- Source data

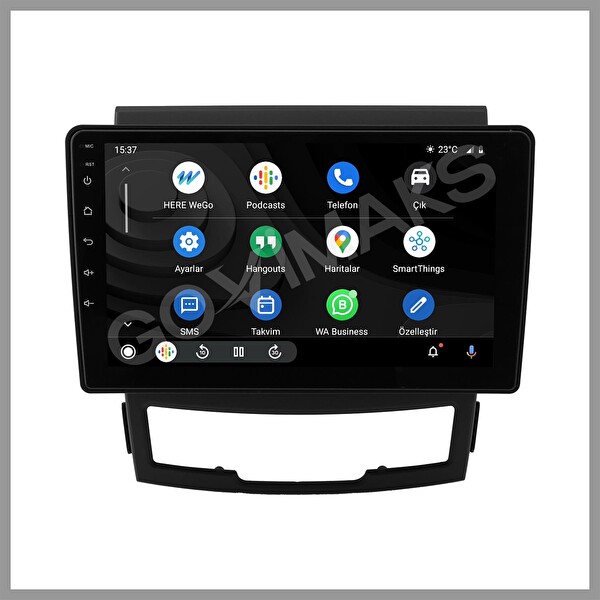 Govimaks Ssanyong Korando 2010-2013 Uyumlu 2 GB RAM 32 GB Hafıza Android Multimedia Teyp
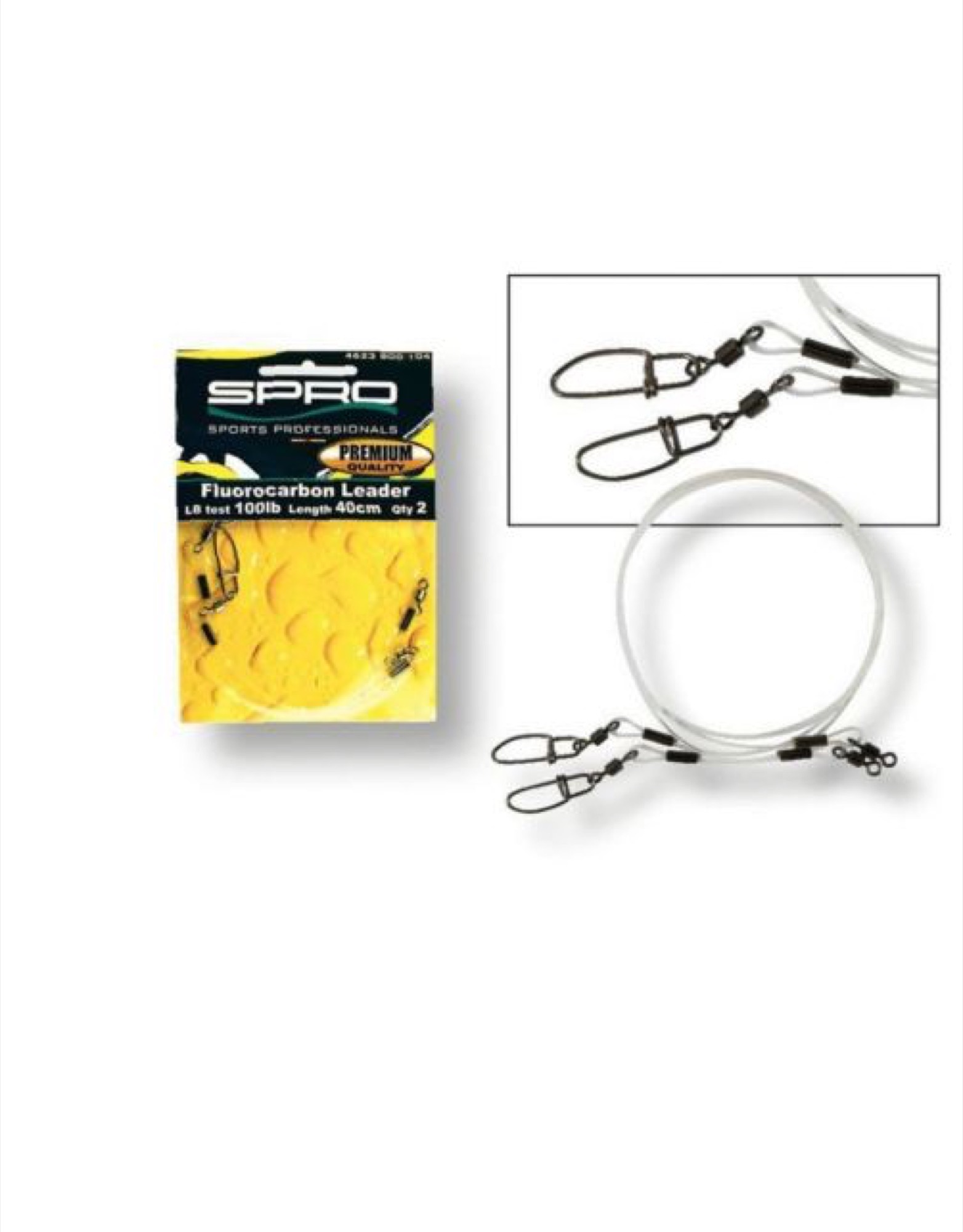 Spro FC Leader 100lb 40cm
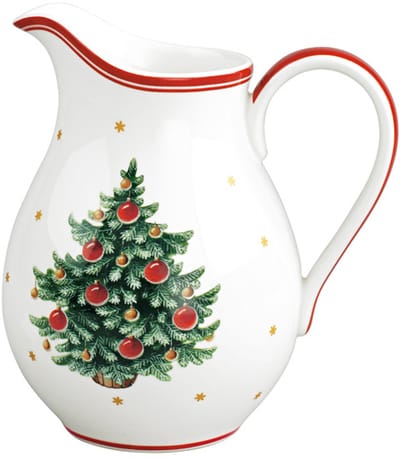 Villeroy & Boch Toy's Delight Melkkan Kerst - 0.5 liter - Rood/wit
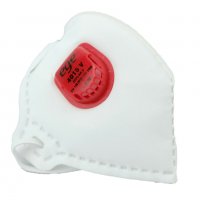 Предпазна маска за лице EGE, Сертифицирана, респираторна FFP3, Бял, снимка 2 - Други - 31571631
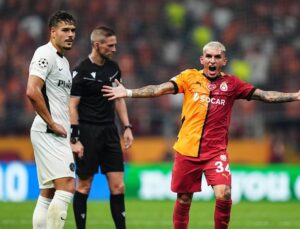 Galatasaray – Young Boys maçının ikinci yarısında tansiyon yükseldi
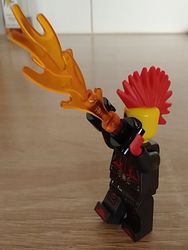 Punker vorne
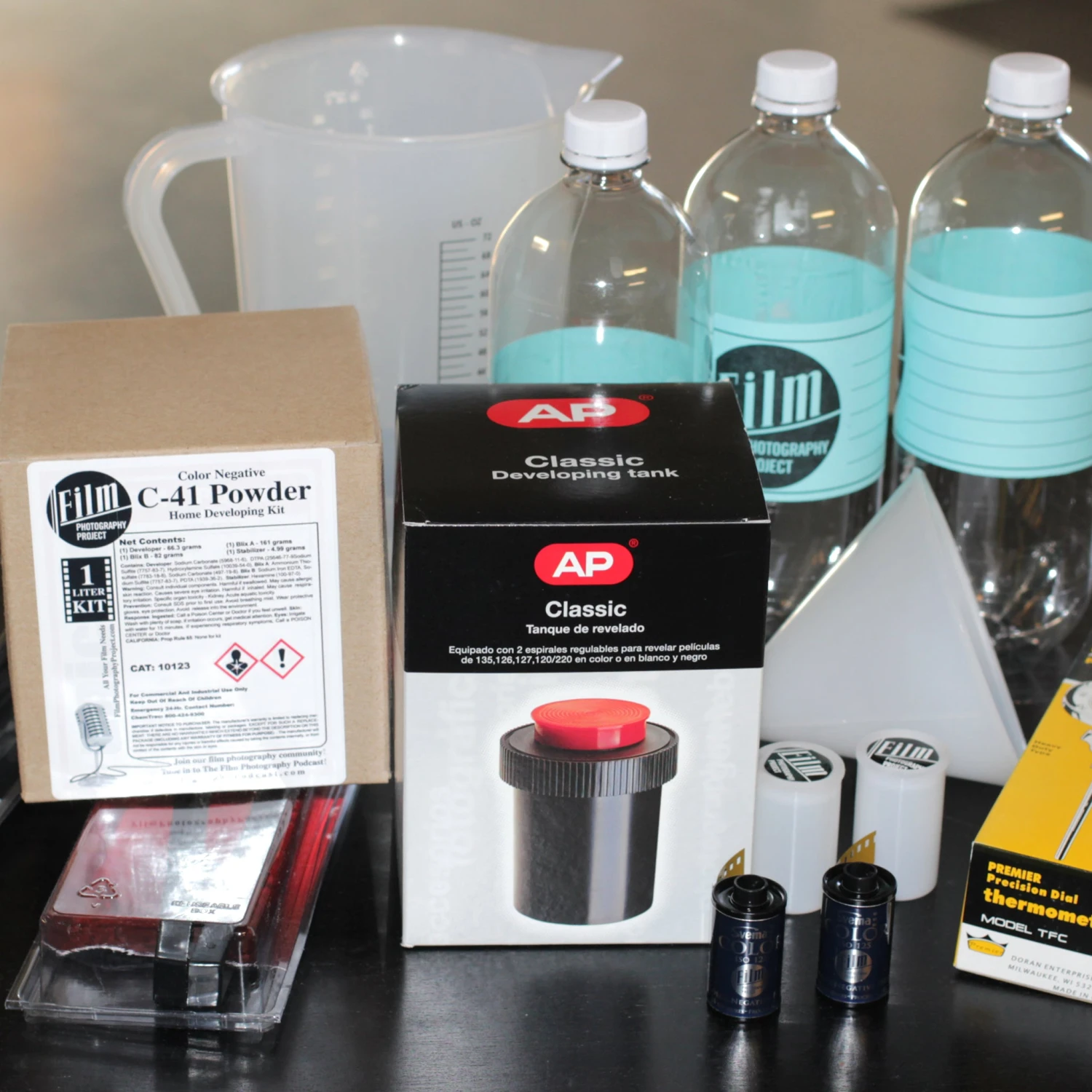 Darkroom Supplies - FPP Home Development Starter Kit (Color) 3 Darkroom Supplies - FPP Home Development Starter Kit (Color)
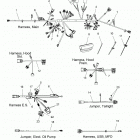 800 RUSH PRO-S SC SELECT Electrical, wire harness - s20dch8ps all options (...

- Task prompt
Restate, word for word and without pictures, the lines from the line containing "Предпазна маска за" to the last line of the records above.

- Task response
 Предпазна маска за лице EGE, Сертифицирана, респираторна FFP3, Бял, снимка 2 - Други - 31571631
 Galatasaray – Young Boys maçının ikinci yarısında tansiyon yükseldi
 Punker vorne
 Darkroom Supplies - FPP Home Development Starter Kit (Color) 3 Darkroom Supplies - FPP Home Development Starter Kit (Color)
 800 RUSH PRO-S SC SELECT Electrical, wire harness - s20dch8ps all options (...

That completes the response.